Re: [PATCH v5 02/10] sched/rt: add rt_rq utilization tracking

From: Vincent Guittot
Date: Wed May 30 2018 - 10:40:16 EST


On 30 May 2018 at 13:01, Patrick Bellasi <patrick.bellasi@xxxxxxx> wrote:
> On 30-May 12:06, Vincent Guittot wrote:
>> On 30 May 2018 at 11:32, Patrick Bellasi <patrick.bellasi@xxxxxxx> wrote:
>> > On 29-May 15:29, Vincent Guittot wrote:
>
> [...]
>
>> >> >> diff --git a/kernel/sched/rt.c b/kernel/sched/rt.c
>> >> >> index ef3c4e6..b4148a9 100644
>> >> >> --- a/kernel/sched/rt.c
>> >> >> +++ b/kernel/sched/rt.c
>> >> >> @@ -5,6 +5,8 @@
>> >> >> */
>> >> >> #include "sched.h"
>> >> >>
>> >> >> +#include "pelt.h"
>> >> >> +
>> >> >> int sched_rr_timeslice = RR_TIMESLICE;
>> >> >> int sysctl_sched_rr_timeslice = (MSEC_PER_SEC / HZ) * RR_TIMESLICE;
>> >> >>
>> >> >> @@ -1572,6 +1574,9 @@ pick_next_task_rt(struct rq *rq, struct task_struct *prev, struct rq_flags *rf)
>> >> >>
>> >> >> rt_queue_push_tasks(rq);
>> >> >>
>> >> >> + update_rt_rq_load_avg(rq_clock_task(rq), rq,
>> >> >> + rq->curr->sched_class == &rt_sched_class);
>> >> >> +
>> >> >> return p;
>> >> >> }
>> >> >>
>> >> >> @@ -1579,6 +1584,8 @@ static void put_prev_task_rt(struct rq *rq, struct task_struct *p)
>> >> >> {
>> >> >> update_curr_rt(rq);
>> >> >>
>> >> >> + update_rt_rq_load_avg(rq_clock_task(rq), rq, 1);
>> >> >> +
>> >> >> /*
>> >> >> * The previous task needs to be made eligible for pushing
>> >> >> * if it is still active
>> >> >> @@ -2308,6 +2315,7 @@ static void task_tick_rt(struct rq *rq, struct task_struct *p, int queued)
>> >> >> struct sched_rt_entity *rt_se = &p->rt;
>> >> >>
>> >> >> update_curr_rt(rq);
>> >> >> + update_rt_rq_load_avg(rq_clock_task(rq), rq, 1);
>> >> >
>> >> > Mmm... not entirely sure... can't we fold
>> >> > update_rt_rq_load_avg() into update_curr_rt() ?
>> >> >
>> >> > Currently update_curr_rt() is used in:
>> >> > dequeue_task_rt
>> >> > pick_next_task_rt
>> >> > put_prev_task_rt
>> >> > task_tick_rt
>> >> >
>> >> > while we update_rt_rq_load_avg() only in:
>> >> > pick_next_task_rt
>> >> > put_prev_task_rt
>> >> > task_tick_rt
>> >> > and
>> >> > update_blocked_averages
>> >> >
>> >> > Why we don't we need to update at dequeue_task_rt() time ?
>> >>
>> >> We are tracking rt rq and not sched entities so we want to know when
>> >> sched rt will be the running or not sched class on the rq.

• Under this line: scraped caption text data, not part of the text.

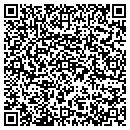 QR code with Texaco Xpress Lube contacts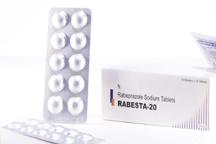 Thu hồi một thuốc điều trị trào ngược dạ dày thực quản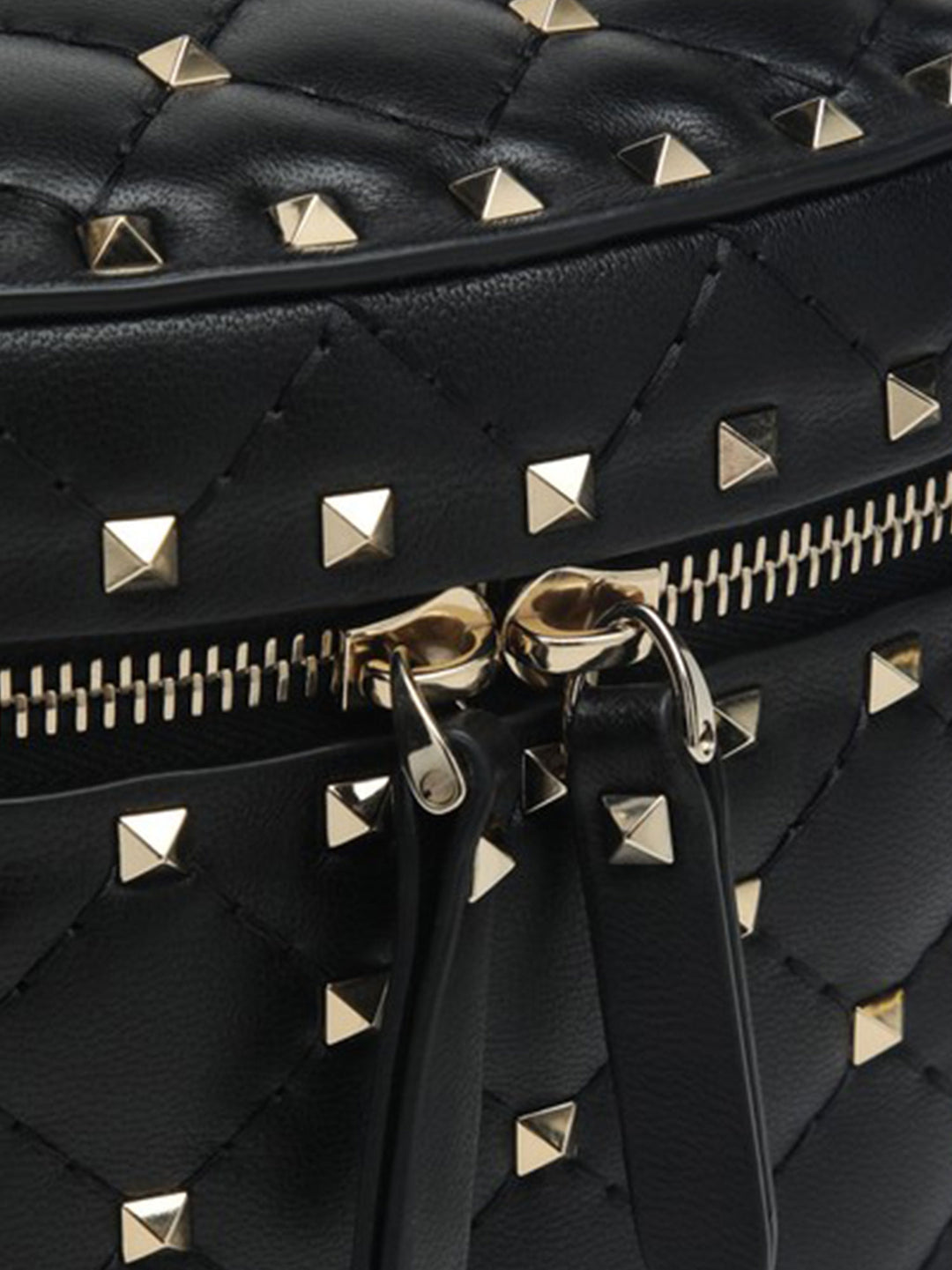 Valentino Garavani Bags - Dark | 9997f955387d13b9da54244bf2944aa634109791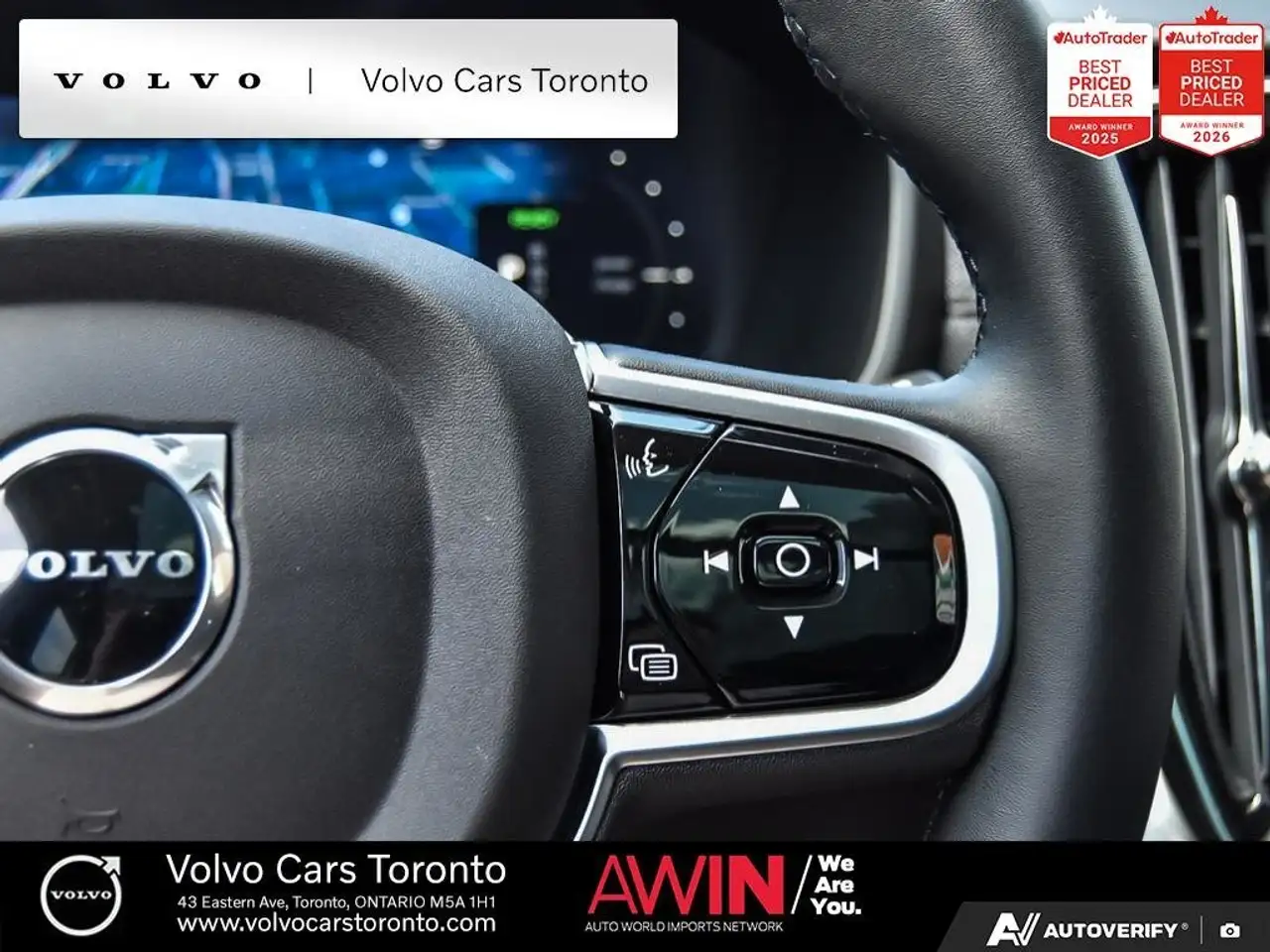 Volvo XC90 photo Volvo XC90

Tracking
>> >> dequeue_task_rt is useless
>> >
>> > What about (push) migrations?
>>
>> it doesn't make any difference. put_prev_task_rt() says that the prev
>> task that was running, was a rt task so we can account past time at rt
>> running time
>> and pick_next_task_rt says that the next one will be a rt task so we
>> have to account elapse time either to rt or not rt time according.
>
> Right, I was missing that you are tracking RT (and DL) only at RQ
> level... not SE level, thus we will not see migrations of blocked
> utilization.
>
>> I can probably optimize the pick_next_task_rt by doing the below instead:
>>
>> if (rq->curr->sched_class == &rt_sched_class)
>> update_rt_rq_load_avg(rq_clock_task(rq), rq, 0);
>>
>> If prev task is a rt task, put_prev_task_rt has already done the update
>
> Right.
>
> Just one more question about non tracking SE. Once we migrate an RT
> task with the current solution we will have to wait for it's PELT
> blocked utilization to decay completely before starting to ignore that
> task contribution, which means that:
> 1. we will see an higher utilization on the original CPU
> 2. we don't immediately see the increased utilization on the
> destination CPU
>
> I remember Juri had some patches to track SE utilization thus fixing
> the two issues above. Can you remember me why we decided to go just
> for the RQ tracking solution?

I would say that one main reason is the overhead of tracking per SE

Then, what we want to track the other class utilization to replace
current rt_avg.

And we want something to track steal time of cfs to compensate the
fact that cfs util_avg will be lower than what cfs really needs.
so we really want rt util_avg to smoothly decrease if a rt task
migrate to let time to cfs util_avg to smoothly increase itself as cfs
tasks will run more often.

Based on some discussion on IRC, I'm studying how to track more
accurately the stolen time

> Don't we expect any strange behaviors on real systems when RT tasks
> are moved around?

Which kind of strange behavior ? we don't use rt util_avg for OPP
selection when a rt task is running

>
> Perhaps we should run some tests on Android...
>
> --
> #include <best/regards.h>
>
> Patrick Bellasi